Appeals  process is complex and as Richard says we are trying to decide how best we can do this. We can only appeal on the issue of 'process' ...we are not allowed to use any arguments that we have used previously. 

As far as I know individual members of the public are not allowed to apeal directly through the NICE system- so the only way we can do this is through CMLSG. I am not sure how we will do IT, but we only have 15 working days to do find a way to argue that they have not followed the correct process, the deadline is 2nd September. 

It might  be that we can argue that they have not had the correct model for appraising novel therapies in orphan diseases (like cml).... but it needs careful consideration. 

I suggest that if you feel strongly that you keep up the political pressure- but try the tack that Richard suggests.

Unfortunately for us, the fact that nilotinib is now offered through a PAS, which is more or less a price cut, has undermined all the arguments about efficacy etc.

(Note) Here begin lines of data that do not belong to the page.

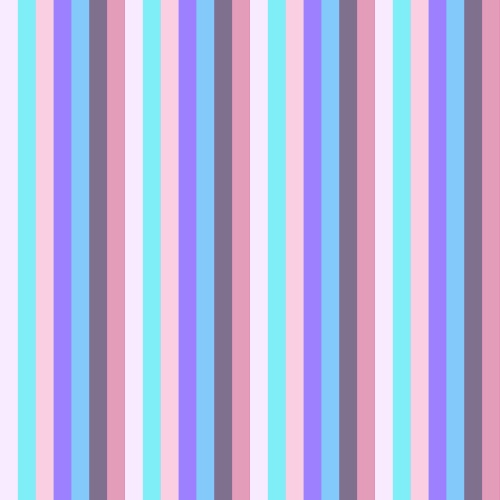 Pattern with colored lines.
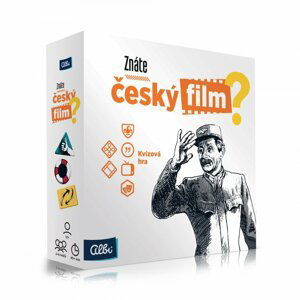 Albi Znáte český film? - Kvízová hra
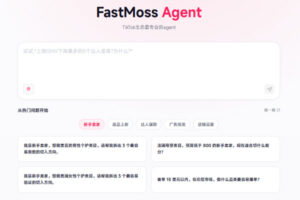 FastMoss Agent上线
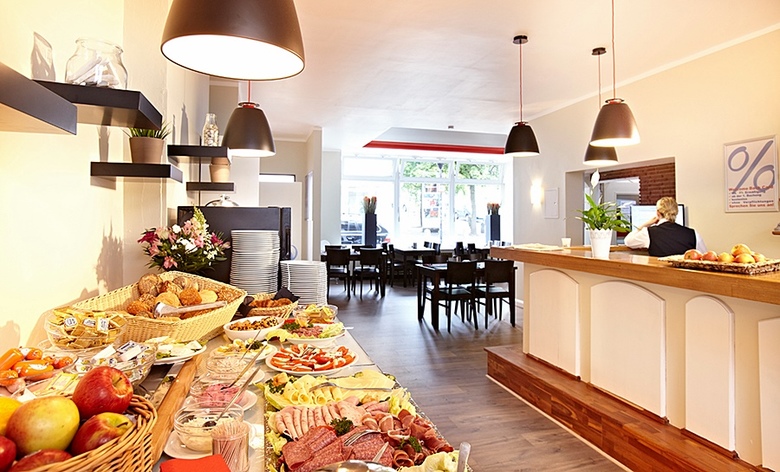 Basic Hotel Ostseehalle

This FAD confirms that NICE is all about cost (we knew that all along didn't we) rather than evidence of effectivness.

Sandy

 

 

I have just made time to read the NICE decision in full together with all the submissions made by everyone who responded to the consultation.

I am truly horrified. This an unfair and flawed process from beginning to end. Some of the comments by Jane Apperly in her response put some simple and very clear points about the process, the incorrect information used by NICE, the fact that the statistical studies can be altered dramatically in outcome by small changes in the input assumtions, that an oral presentation went so fast that even she was unable to respond rationally, the wrong belief on the part of the Committee (oft repeated) that hydroxycarbamide and allogeneic transplant are suitable alternative treatments for all patients, which they patently are not and the Committee was so told by the Consultants. So it goes on.  This is what happens when there there are no CML specialists on the Committee and NICE continues with its inability (or conscious blindness?) to devise new procedures to deal with innovative drugs. This was not a consultation. It was a farce.

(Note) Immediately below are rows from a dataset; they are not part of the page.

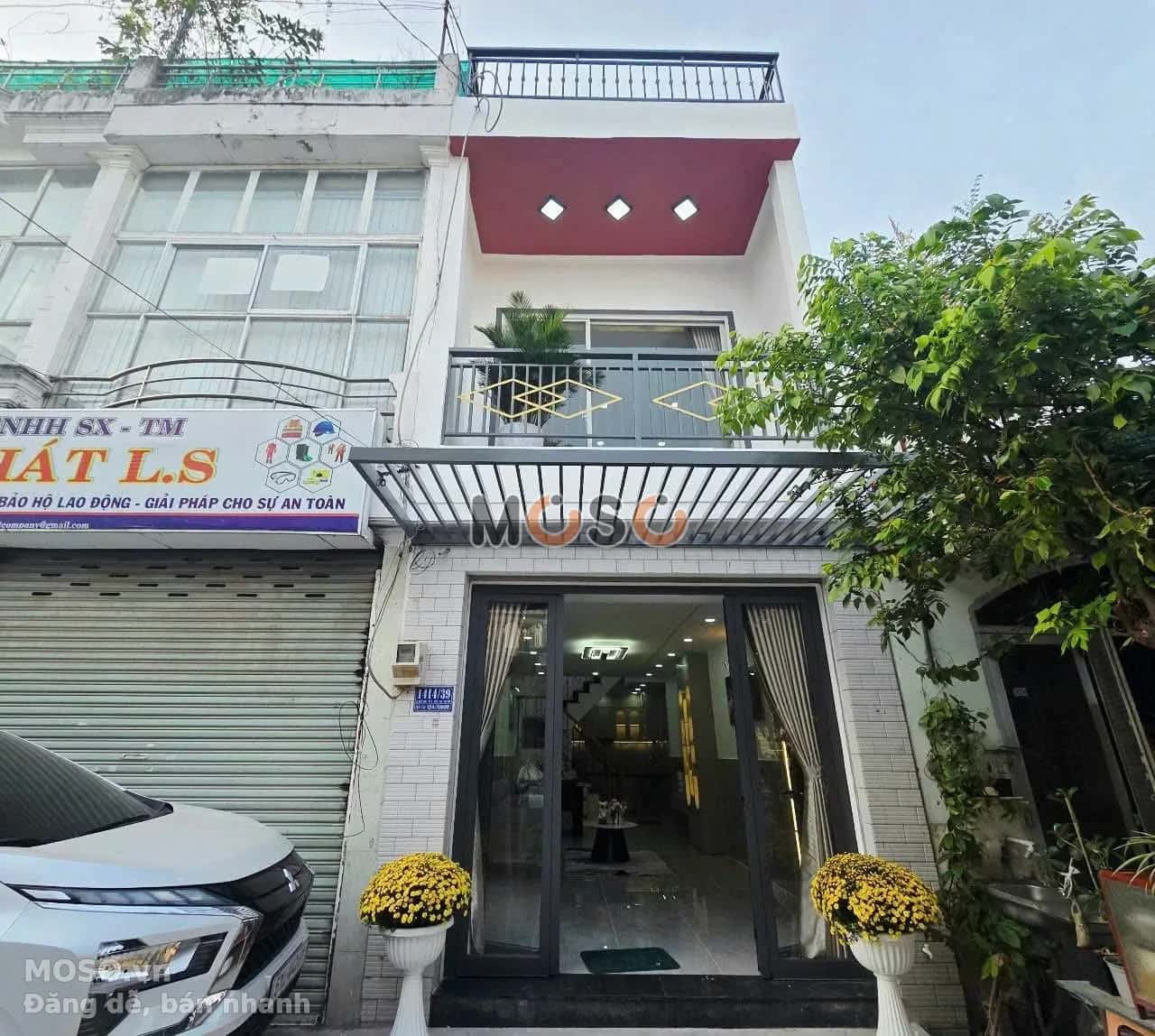Bán nhà hẻm 1414/39 Đường Lê Đức Thọ Quận Gò Vấp, TP.HCM – 1 phòng ngủ, giá 5.5 tỷ - ảnh 1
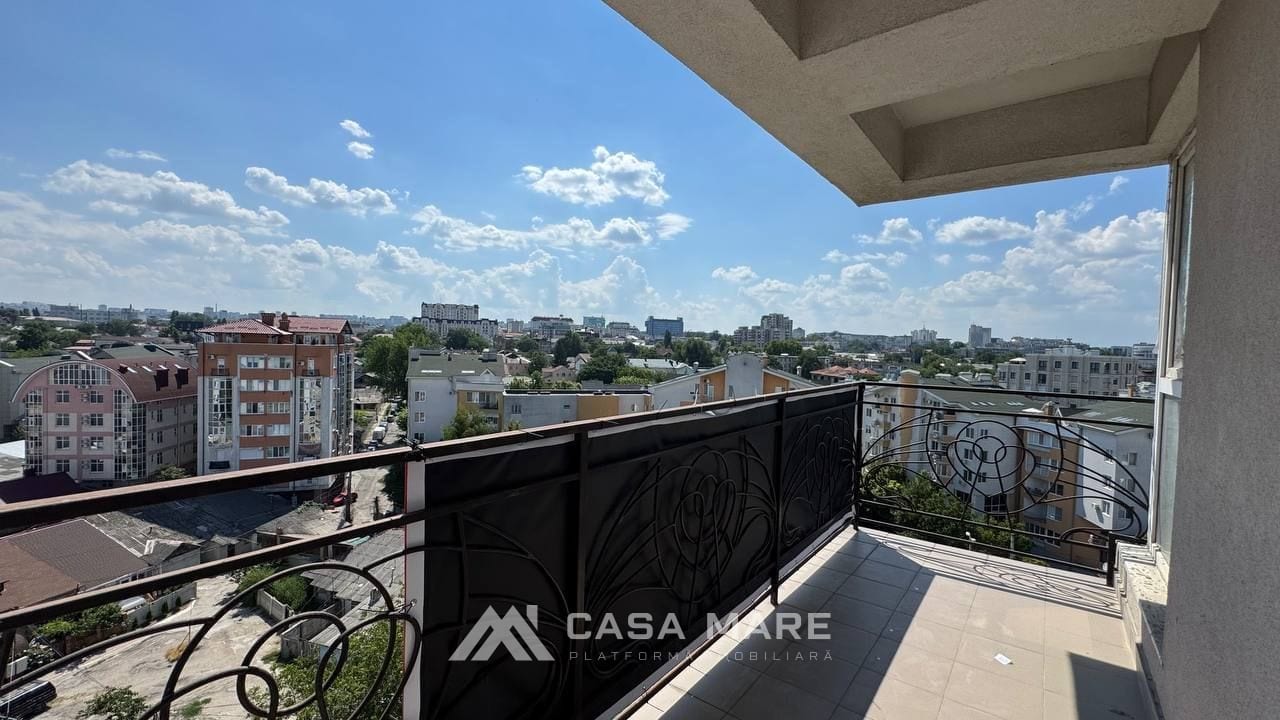 3-комнатная квартира, 110 м², Центр, Кишинёв 8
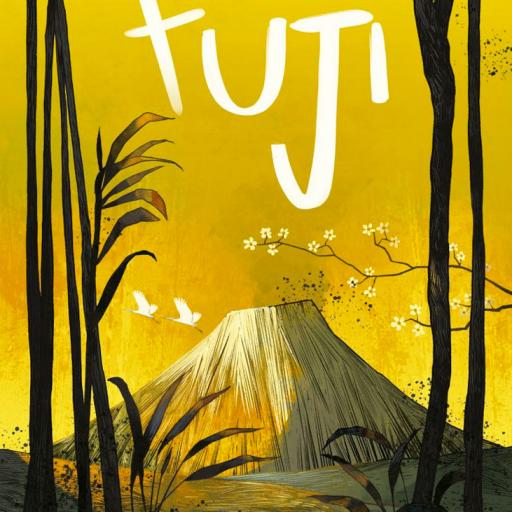 Imagen de juego de mesa: «Fuji»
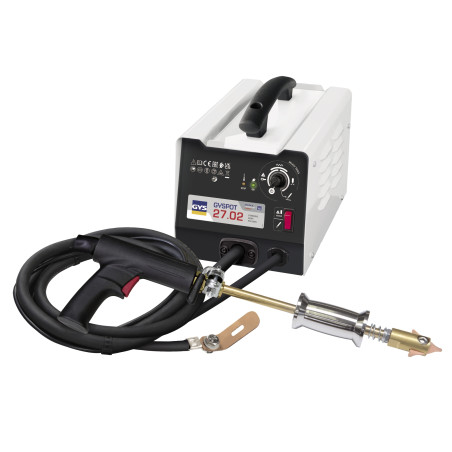 Posto de endireitamento de aço Gys gyspot 2700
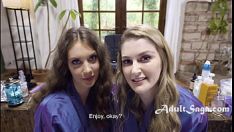 Abspielen Bunny Rabbit Colby und Elena Koshka Asmr Pilus Schönheitssalon Sex
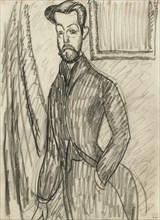 Portrait of Paul Alexandre (1881-1968).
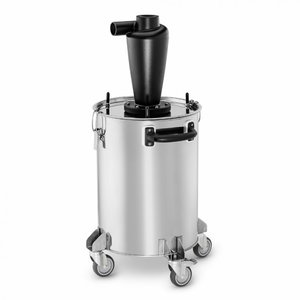 Cikloninins seperatorius CS 40 Me 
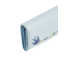 Fable England Bird Blue Embroidered Wallet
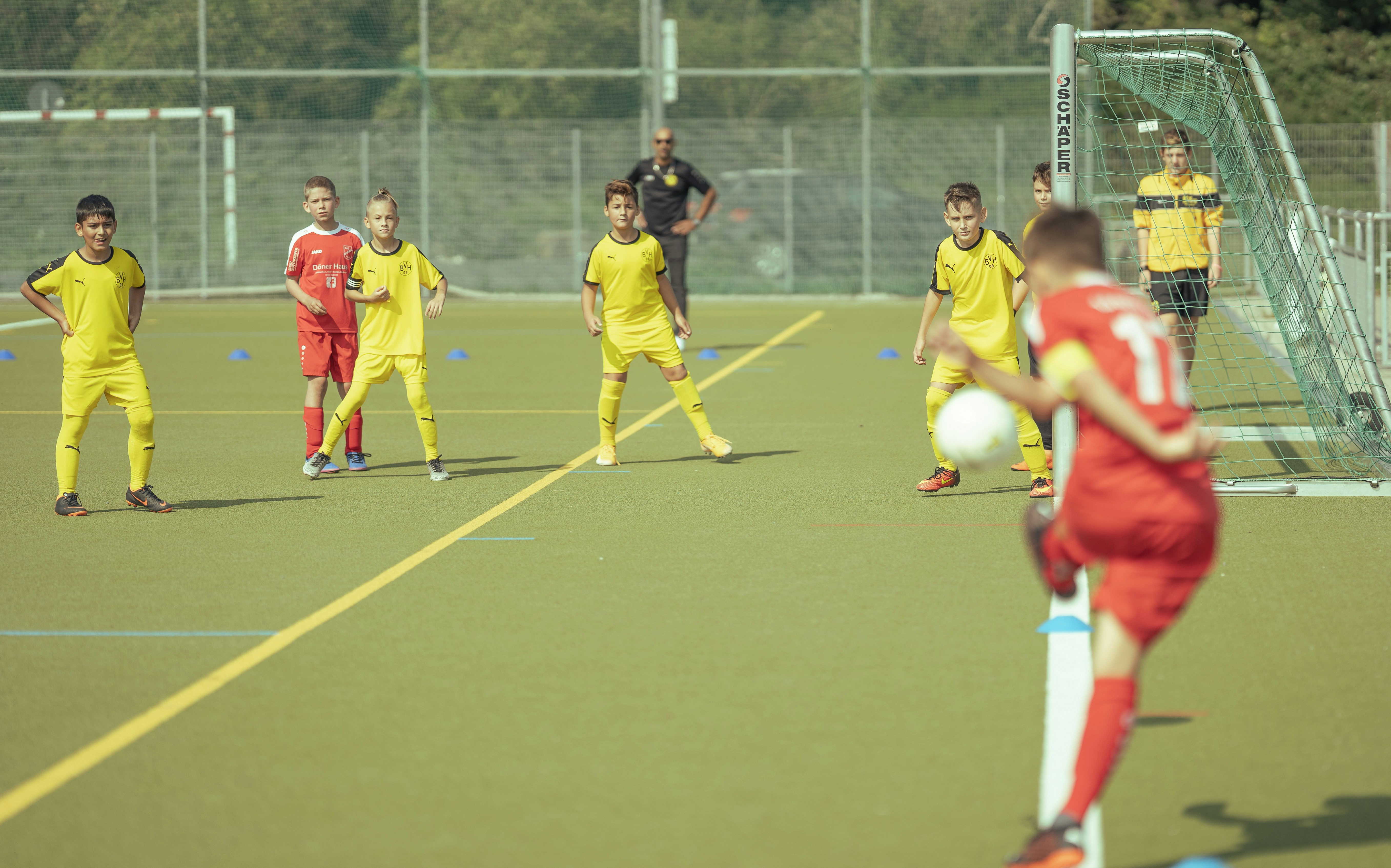 Build Your Sports Website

The only thing that altered the Committee's view was a Novartis' Patient Access Scheme for Nilotinib (ie it will be cheaper than it might otherwise have been).

This NICE "system" is irrational and perverse. We are a third world country in cancer treatment whatever David Cameron and Andrew Lansley may say to the contrary.

Can I express here my very sincere thanks to everyone who responded to the Consultation, particularly Sandy for the work on this, to Jane Apperly and the other Consultants who responded to the Consultation and to Novartis for putting in place a Patient Access Scheme for Nilotinib. All of you have contributed to saving the lives of many CML patients, who would otherwise have been left by NICE with no effective treatment. That will include my wife if she ceases to respond to Glivec. Thank you all from the bottom of my heart.